Many have complained of difficulty getting anyone on the phone to help with their claim despite hundreds of calls a day, or not connecting with a person who knows anything about their claim. Claims have taken months, many New Jerseyans said.
An April report from NorthJersey.com highlighted how the Murphy administration and that of his predecessor, Gov. Chris Christie, were repeatedly advised to update the department’s antiquated system to move away from COBOL, a 60-year-old computer language.
But Asaro-Angelo cautioned that while updates would be helpful, the crux of the changes need to come from updates to federal regulations.
“It doesn’t matter about how nice a computer system you have. Individual claimant’s issues aren’t about technology, they’re about the … eligibility standards they need to meet,” the commissioner said.
“And that’s why it’s so hard to write computer programs for them, because the number of inputs and factors that go into creating some of the UI eligibility … are almost infinite.”
Asaro-Angelo pointed to states like California, Massachusetts and Pennsylvania, which have undertaken massive efforts to modernize their computer systems, he said, to no avail.
It doesn’t matter about how nice a computer system you have.
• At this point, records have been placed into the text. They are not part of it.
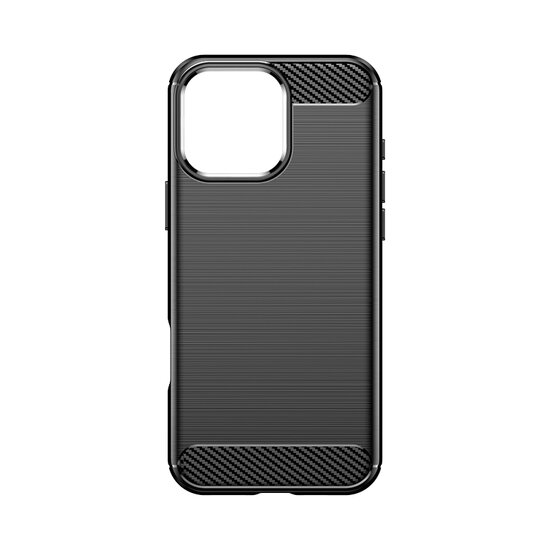 iPhone 16 Pro Max Hoesje - MobyDefend TPU Backcover - Geborstelde Metaal &amp; Carbon-Look - Zwart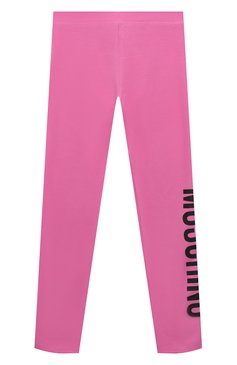 Детские хлопковые легинсы MOSCHINO фуксия цвета, арт. HAP04X/LBA11/10A-14A | Фото 1 (Материал сплава: Проставлено; Нос: Не проставлено; Материал внешний: Хлопок)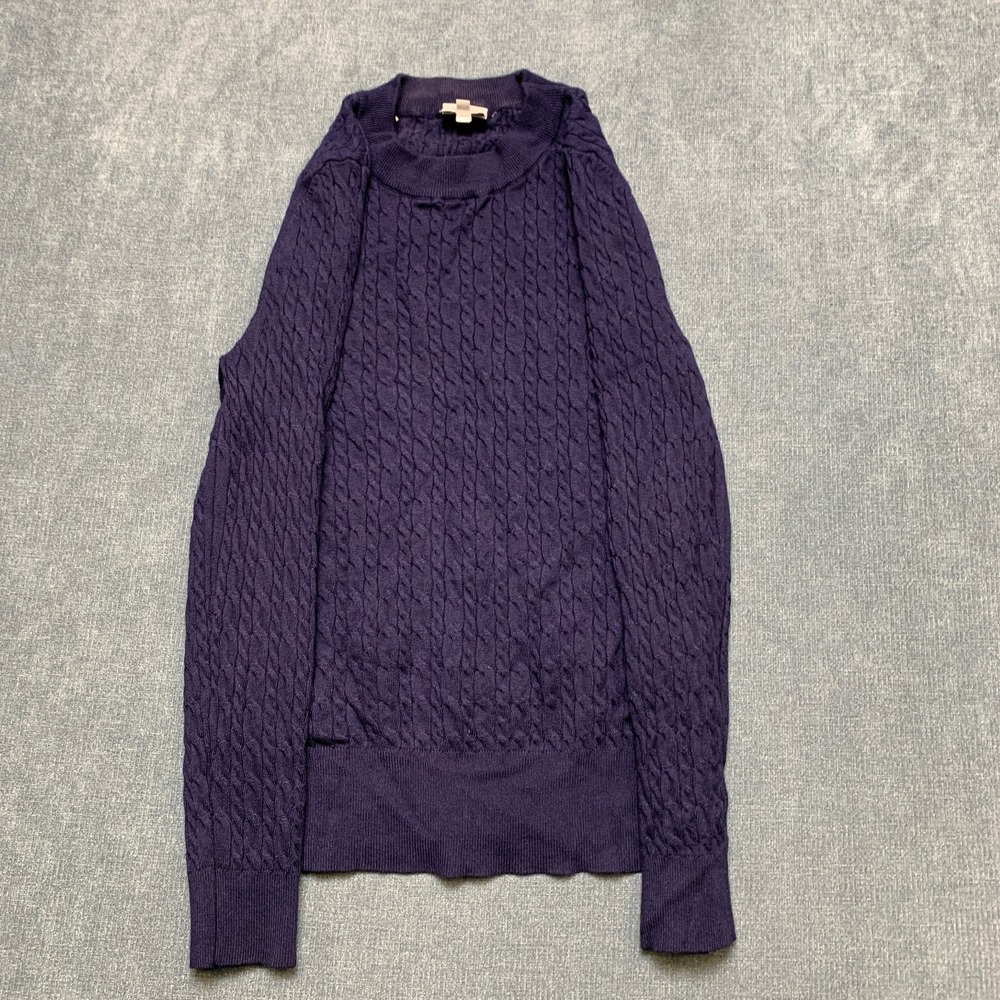 Cielo Cozy Sweater Womens Large Navy Blue Cable Knit Viscose Ribbed Mock Neck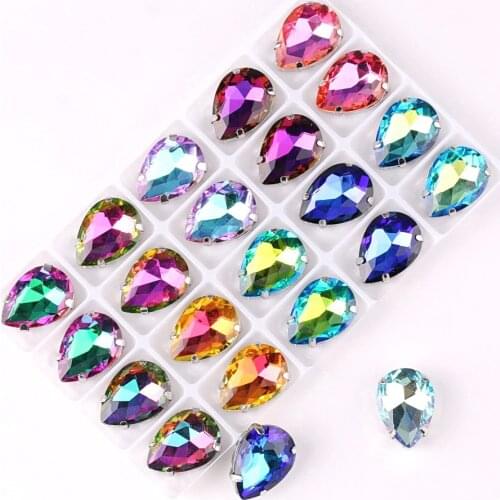 Waterdrop shape Silver claw settings Rainbow & Jelly AB glass Crystal 7*10 10*14 13*18mm Sew on rhinestone clothes diy trimming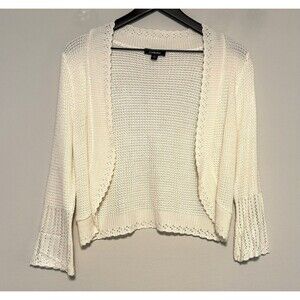 Elementz Open Front Crop Cardigan Sz S Ivory Long Sleeve Bolero Shrug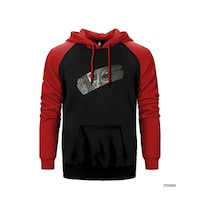 Alien Behind Glass Kırmızı Renk Reglan Kol Sweatshirt / Hoodie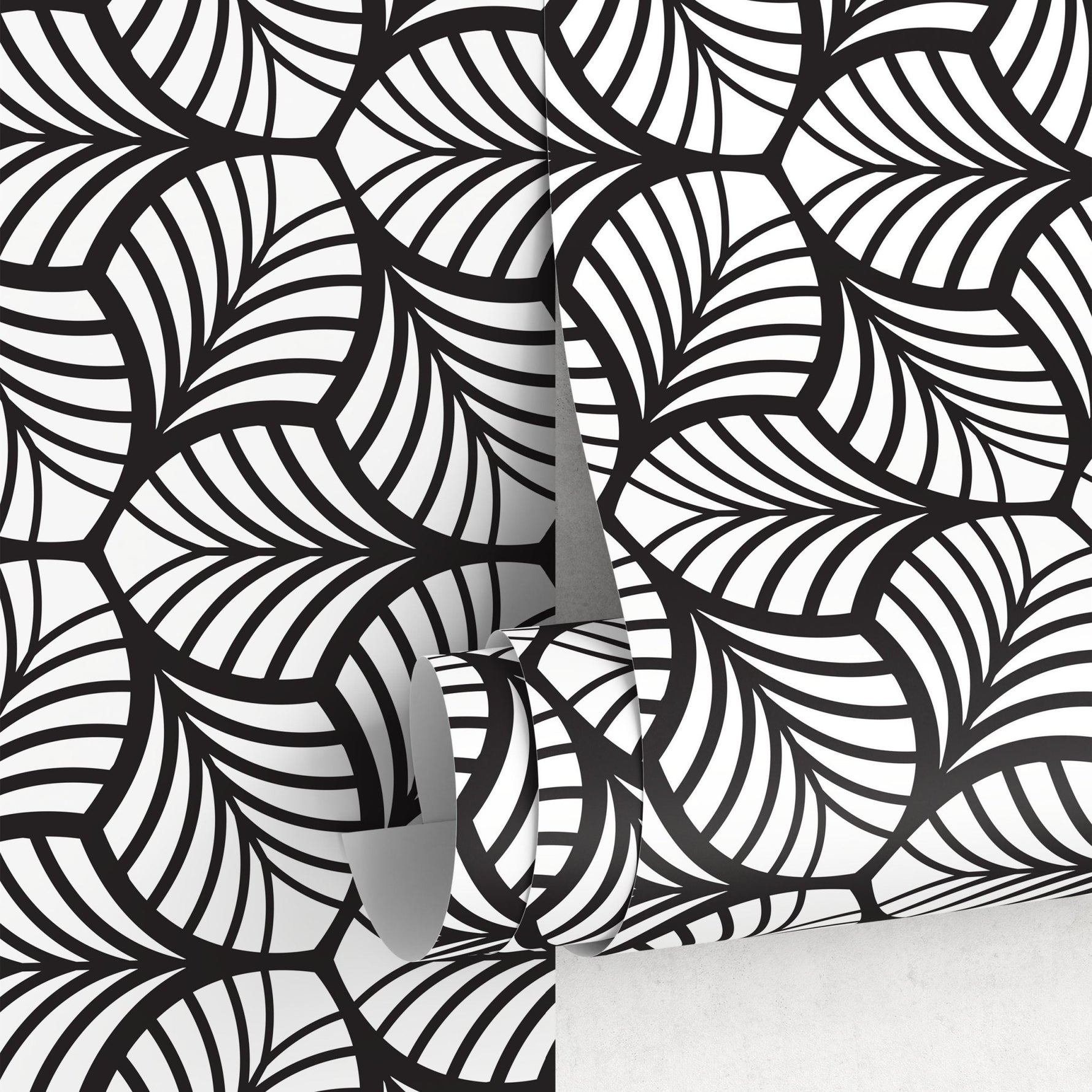 Monochrome Leaf Pattern Wallpaper - B666 - WallTrend
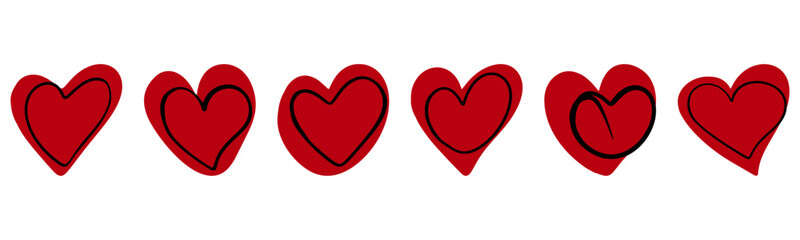 Valentines day. Set hearts. 14 february. Pattern. 6 hearts. Banner. Card. Red hearts. Symbols. Collection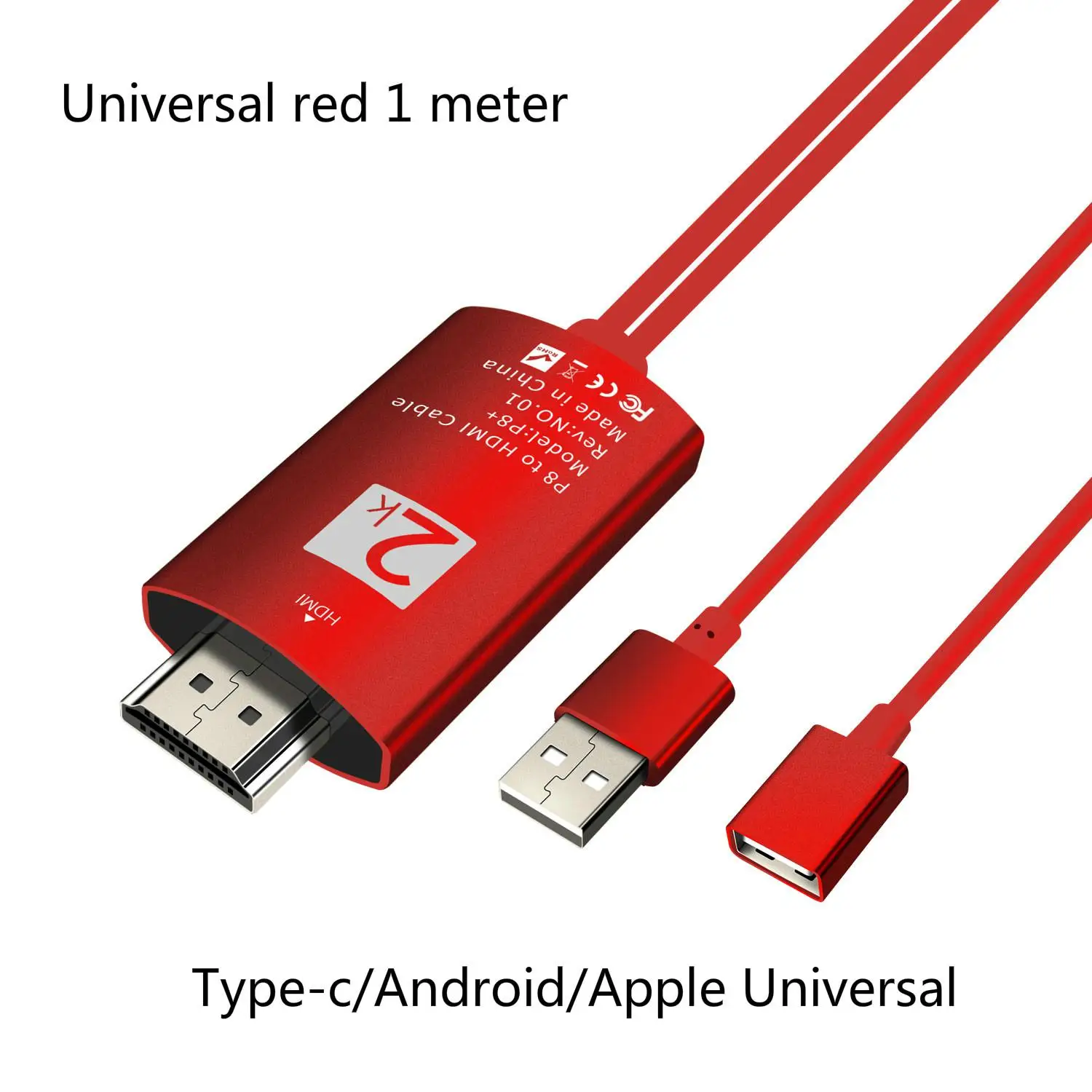 Vigg телефон подключается к телевизору Iphone проекционный экран Android Мобильный PhoneSame экран линии дисплей Apple Hd Проекционный экран Lin - Цвет: 25cm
Individual claimant’s issues aren’t about technology, they’re about the … eligibility standards they need to meet.
— New Jersey Labor and Workforce Development Commissioner Robert Asaro-Angelo
In the case of Pennsylvania, the $180 million modernization started in October 2019 and was not ready in time for the pandemic-included unemployment surge, according to an April report from The Philadelphia Inquirer.
California has paid $161 million to Deloitte Consulting LLP since 2010, including more than $47 million a decade ago, to help modernize its systems with little to show for it, according to a June report from The Sacramento Bee.
Asaro-Angelo lamented that although the state has more than 700 staff handling claims, only about 300 of them are allowed to make the final determination.
That’s because under federal rules, only “a state unemployment staffer can make that determination,” Asaro-Angelo said, and training to fill that position takes upward of six months.
Another 250 positions are filled at a claims call center, and the remaining half of the labor department staff handle the back-end of the unemployment claims system.
The three month extension of the 2020 budget, which expires on Sept. 30, includes almost $4 million for upgrades to the state labor department’s computer system.
Asaro-Angelo said the funds were used as the “first steps to full modernization.”
That means “taking the current architecture and system and translating it in a way that can be upgraded” and “data can be shared with the new system.”
“Our users will see improvements on the front end, early next year to mid next year,” he said. “It’s all going to be incremental changes that will make a difference in days, if not weeks” in the wait times.